6 Inferring the parameters of UNTB from outcomes
6.1 Key questions
- How do we use the outcomes of a process model to guess at underlying processes (parameter values)?
- How can we leverage machine learning (random forest) to infer parameter values from the outcomes of a neutral model?
- What are the limiting factors in inferring process from outcome in a process model?
6.2 Learning objectives
- Understand the outcome-to-parameter inference model.
- Fit and evaluate a random forest model to our UNTB data.

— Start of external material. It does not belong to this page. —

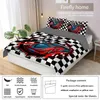 Ensemble de literie 3pcs Cool Speed Racing Coup de couette adaptée aux enfants Boys et Adolescents Chambre (1 2 taies d'oreiller Pas de noyau)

- Identify the limiting features of this approach (particularly model identifiability) and brainstorm possible solutions.
6.3 Lesson outline
Video lecture: Inferring the parameters of neutral theory from model outcomes
6.3.1 (Lecture/discussion) Going from outcome to parameters
Key question:
- How could we use a process model to better understand actual data?
Key points:
- As a starting point, we can see if we can recover generative parameters when we know how they were produced.
6.3.2 (Lecture/discussion) Random forest regression
Key points:
- To guess at the parameters that generated some outcome data, we’re writing a model of the general form
parameter ~ results
. This isn’t necessarily a linear or otherwise tidy relationship, so we’ll use machine learning. - Random forest can do regression with many parameters predicting nonlinear relationships.
- We will begin by using a random forest to try to recover parameter values for known sims.
6.3.3 (Lecture) Fitting a random forest to our neutral data
6.3.4 (Discussion) What problems arise in the random forest?
Key points:
- Multiple sets of parameters can lead to the same outcomes, making it difficult to infer backwards.
6.3.5 (Discussion) How might we address these challenges?
Key points:
- More data dimensions can break a many-to-one mapping.
- It remains critical that the underlying process be appropriate.